[Opening Data listing section]

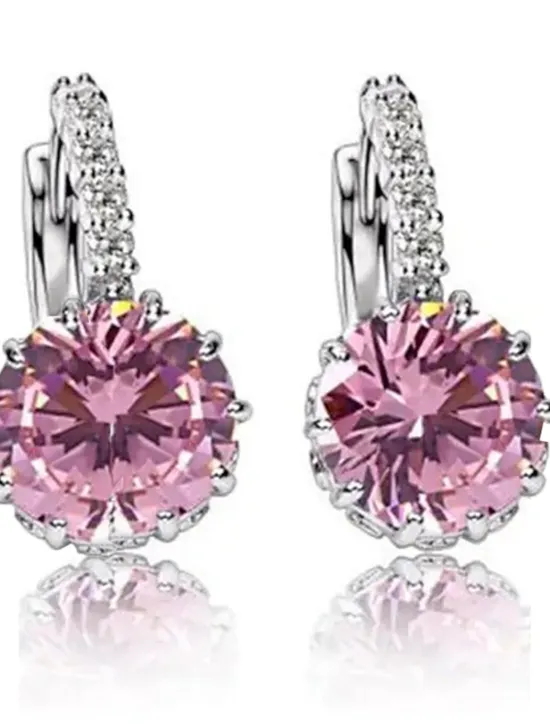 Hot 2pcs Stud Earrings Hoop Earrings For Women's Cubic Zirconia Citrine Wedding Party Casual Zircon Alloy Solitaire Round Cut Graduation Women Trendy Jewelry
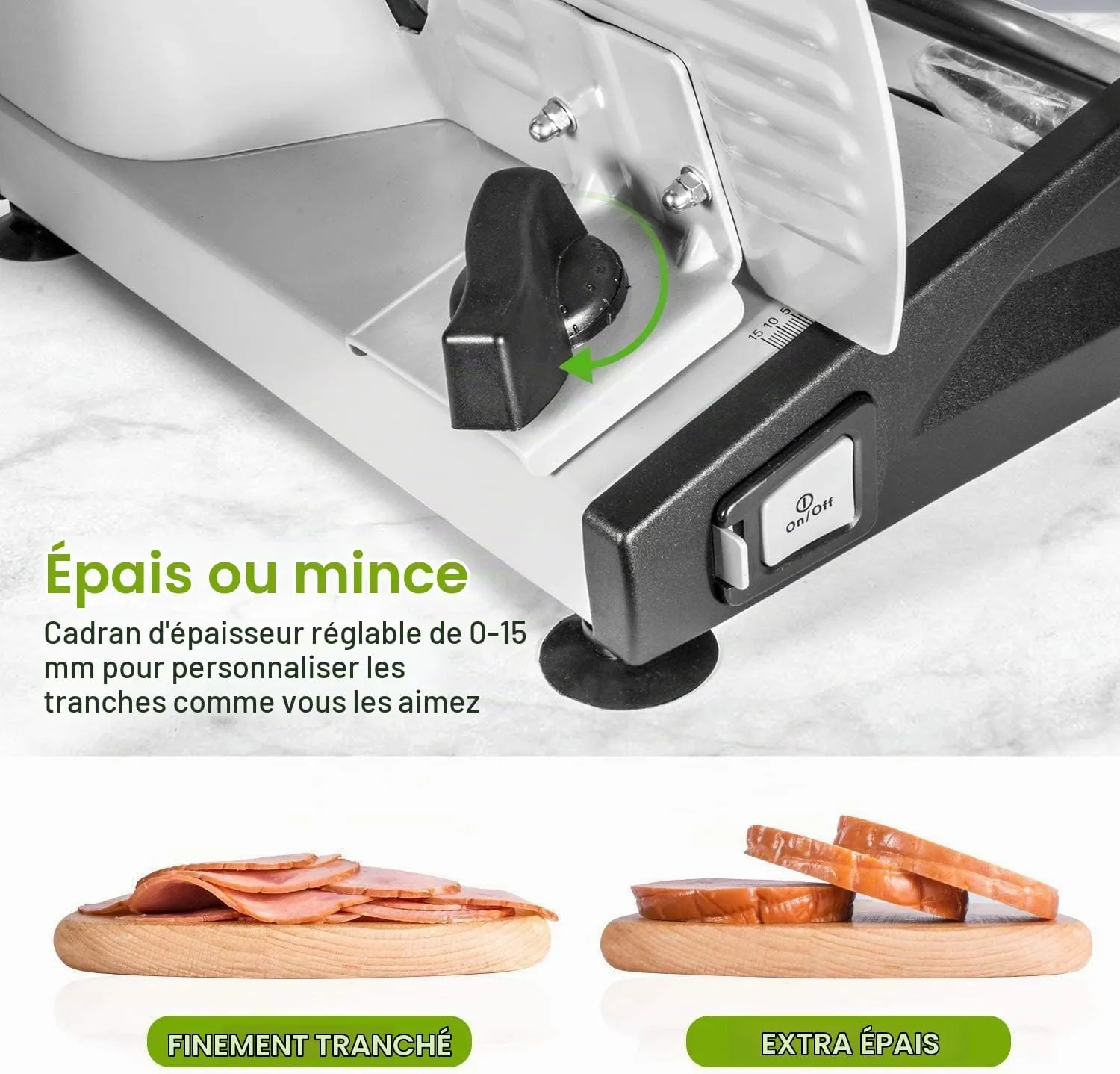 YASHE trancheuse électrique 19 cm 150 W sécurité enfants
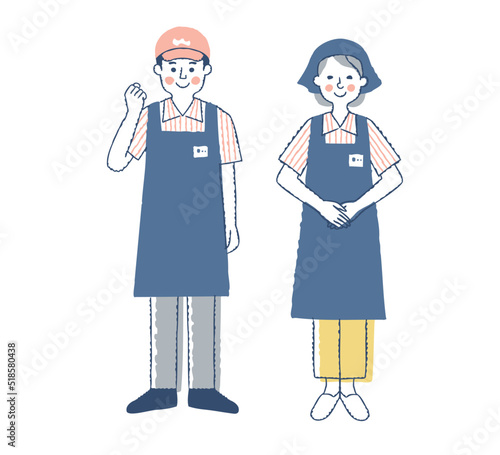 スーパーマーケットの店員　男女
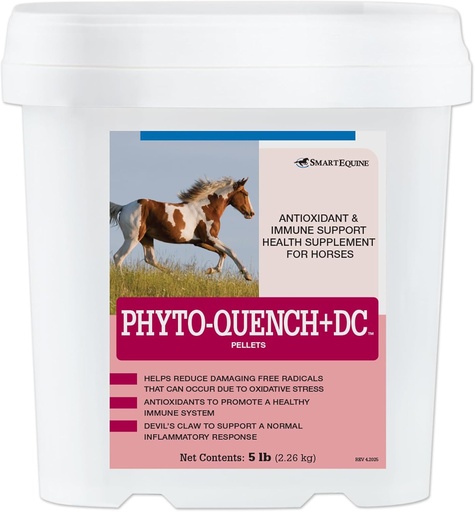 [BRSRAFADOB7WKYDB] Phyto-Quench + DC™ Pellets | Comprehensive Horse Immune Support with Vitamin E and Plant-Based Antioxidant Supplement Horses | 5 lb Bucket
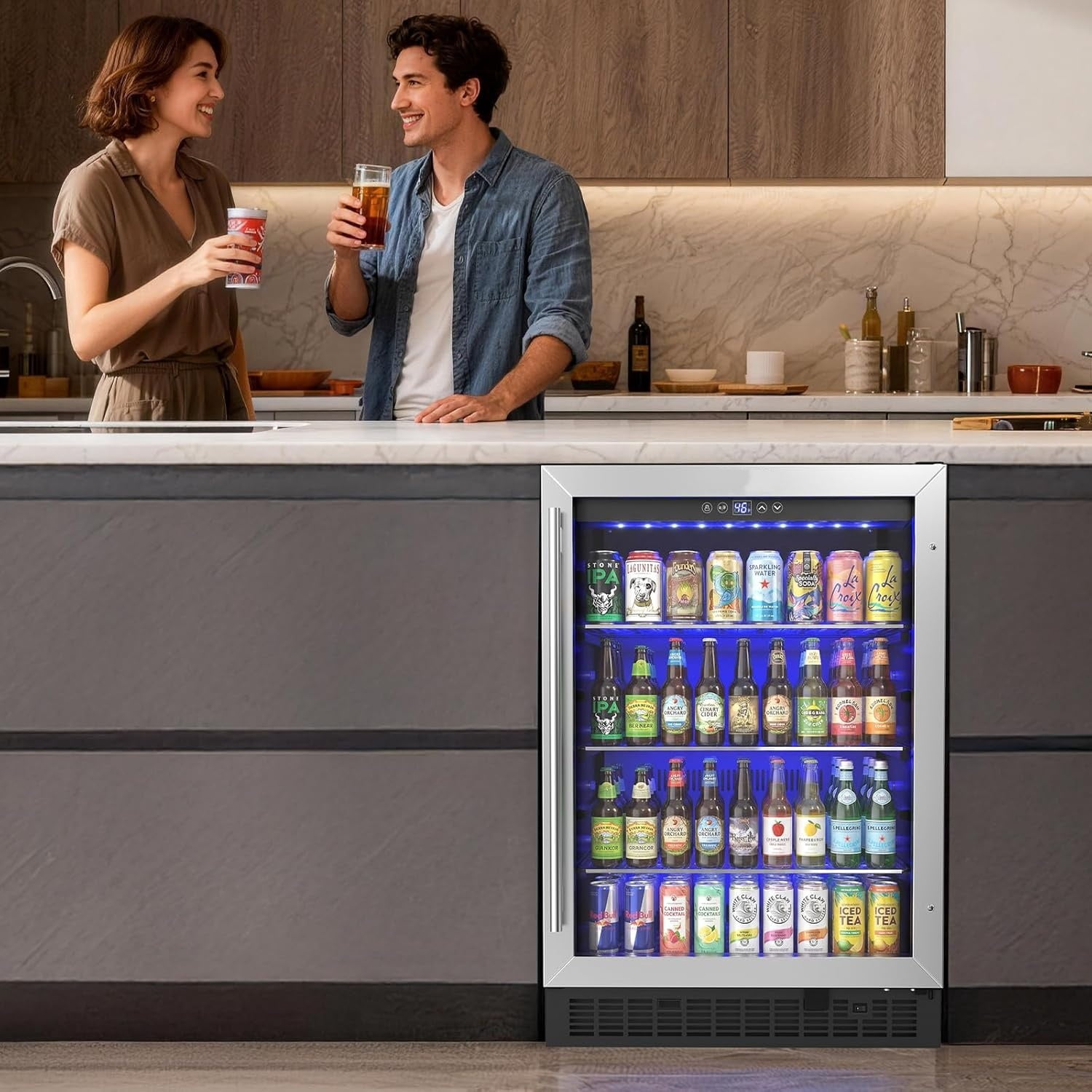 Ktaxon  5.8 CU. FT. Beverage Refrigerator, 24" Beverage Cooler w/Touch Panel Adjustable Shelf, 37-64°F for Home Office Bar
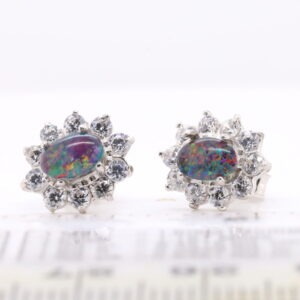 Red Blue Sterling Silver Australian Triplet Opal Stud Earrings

[Closing Data listing section]
[Opening Data listing section]

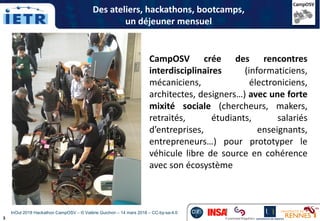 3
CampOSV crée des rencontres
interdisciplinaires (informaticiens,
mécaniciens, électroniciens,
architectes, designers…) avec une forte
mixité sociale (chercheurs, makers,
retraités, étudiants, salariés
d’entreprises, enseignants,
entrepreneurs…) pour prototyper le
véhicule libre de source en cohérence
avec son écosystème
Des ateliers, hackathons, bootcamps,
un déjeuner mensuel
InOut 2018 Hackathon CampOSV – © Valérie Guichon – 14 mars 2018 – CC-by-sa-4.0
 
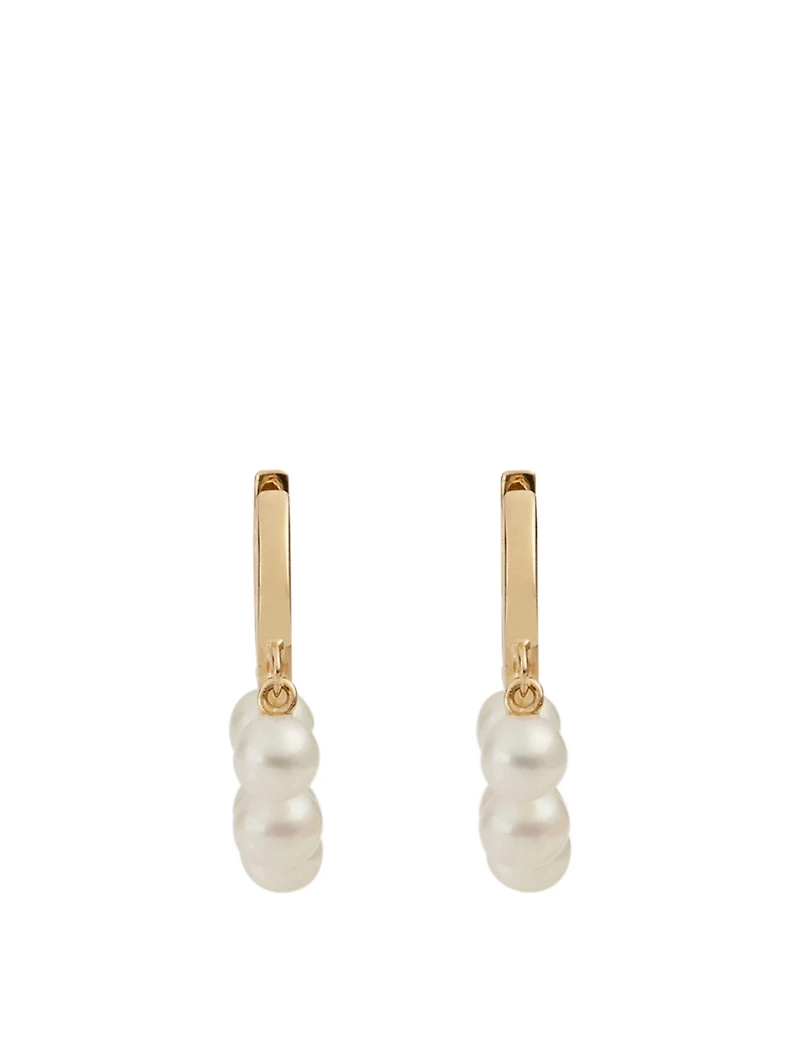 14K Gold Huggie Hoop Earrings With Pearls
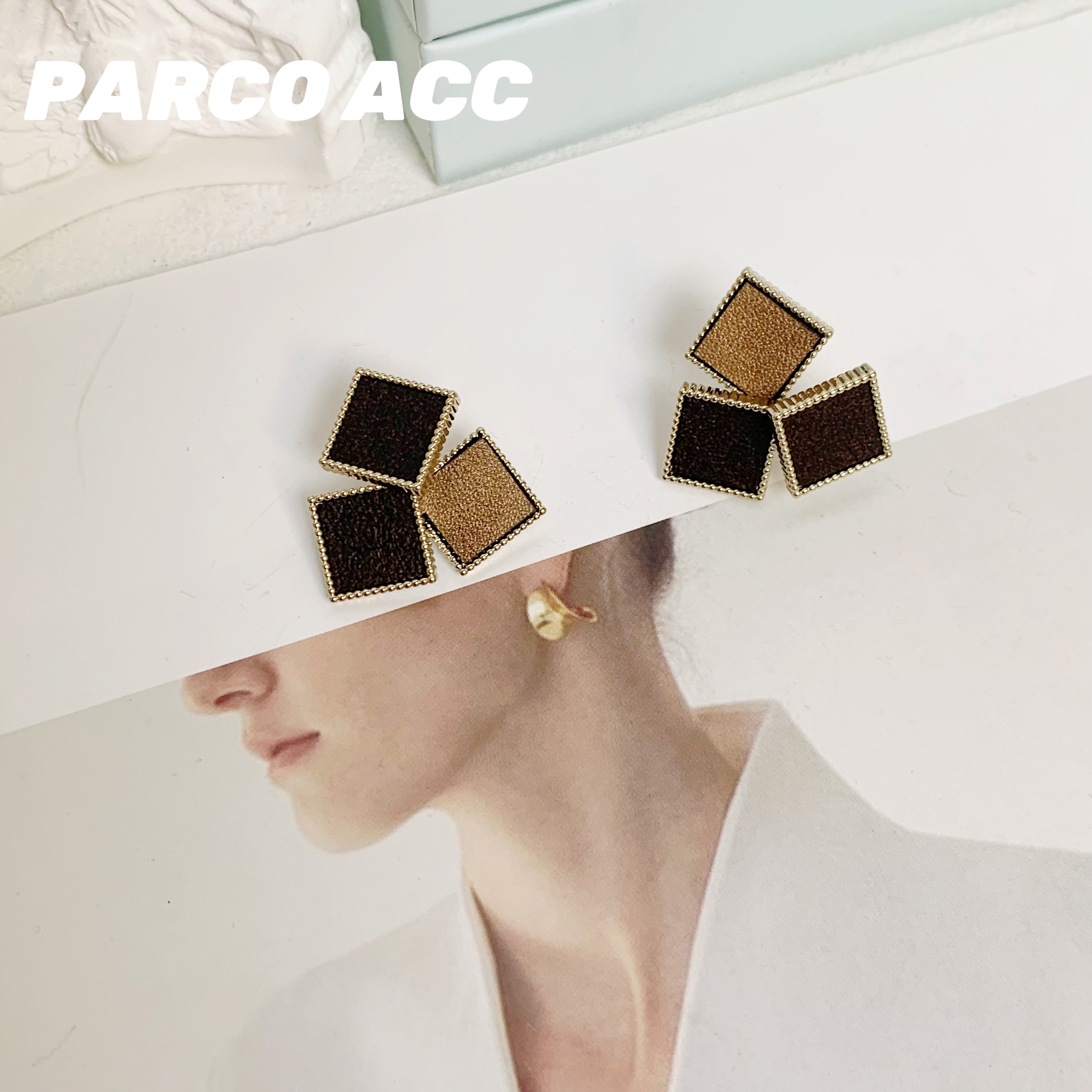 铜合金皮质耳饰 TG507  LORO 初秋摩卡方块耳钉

[Closing Data listing section]
[Opening Data listing section]

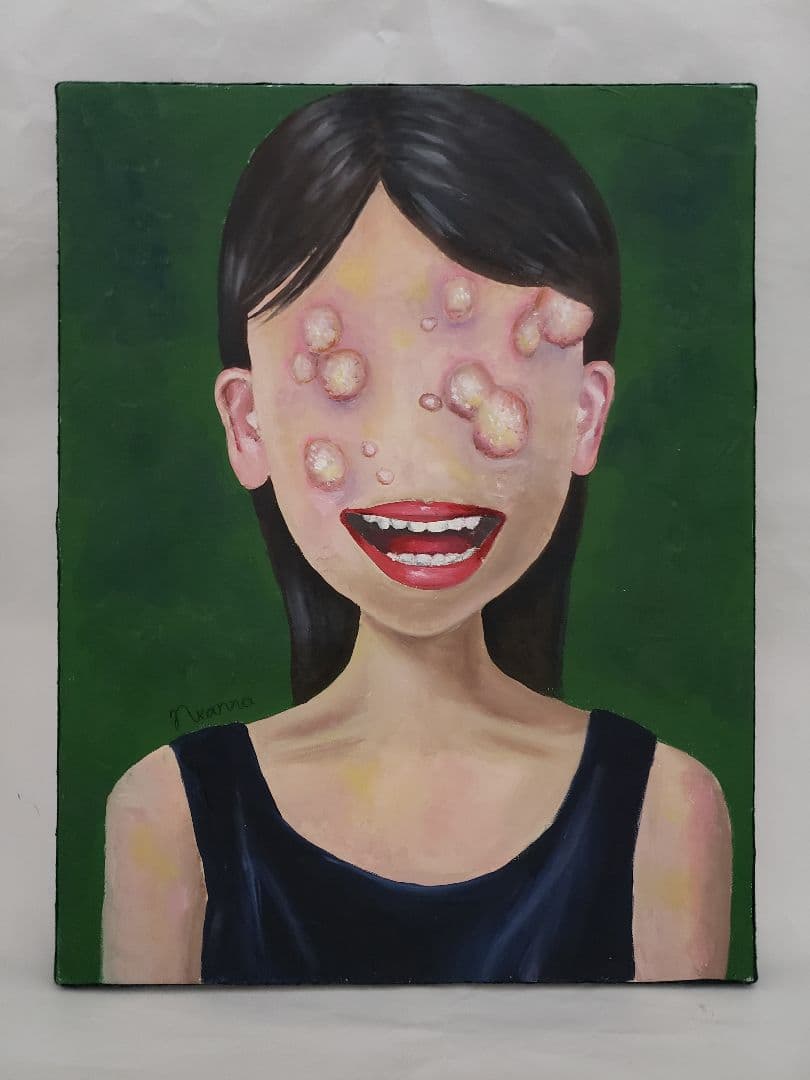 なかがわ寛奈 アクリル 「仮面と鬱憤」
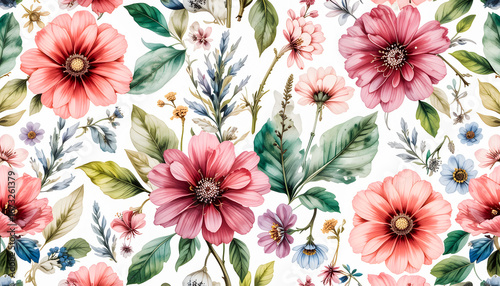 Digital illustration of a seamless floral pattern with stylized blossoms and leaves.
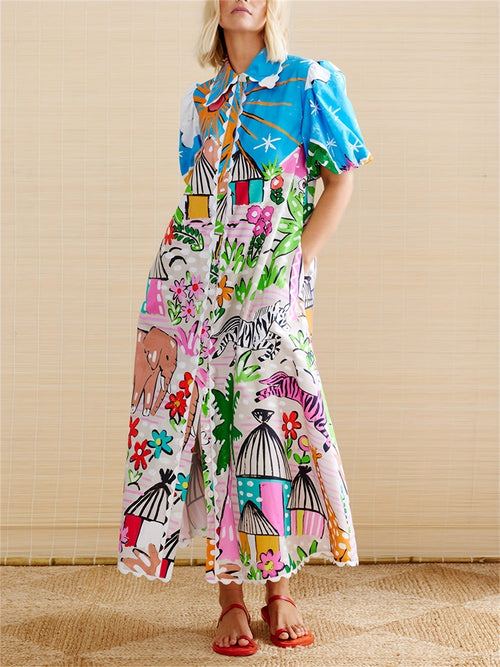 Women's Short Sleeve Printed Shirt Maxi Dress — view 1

[Closing Data listing section]

Copy the lines that hold the word "avec". Take them from the records above.

architectes, designers…) avec une forte
avec son écosystème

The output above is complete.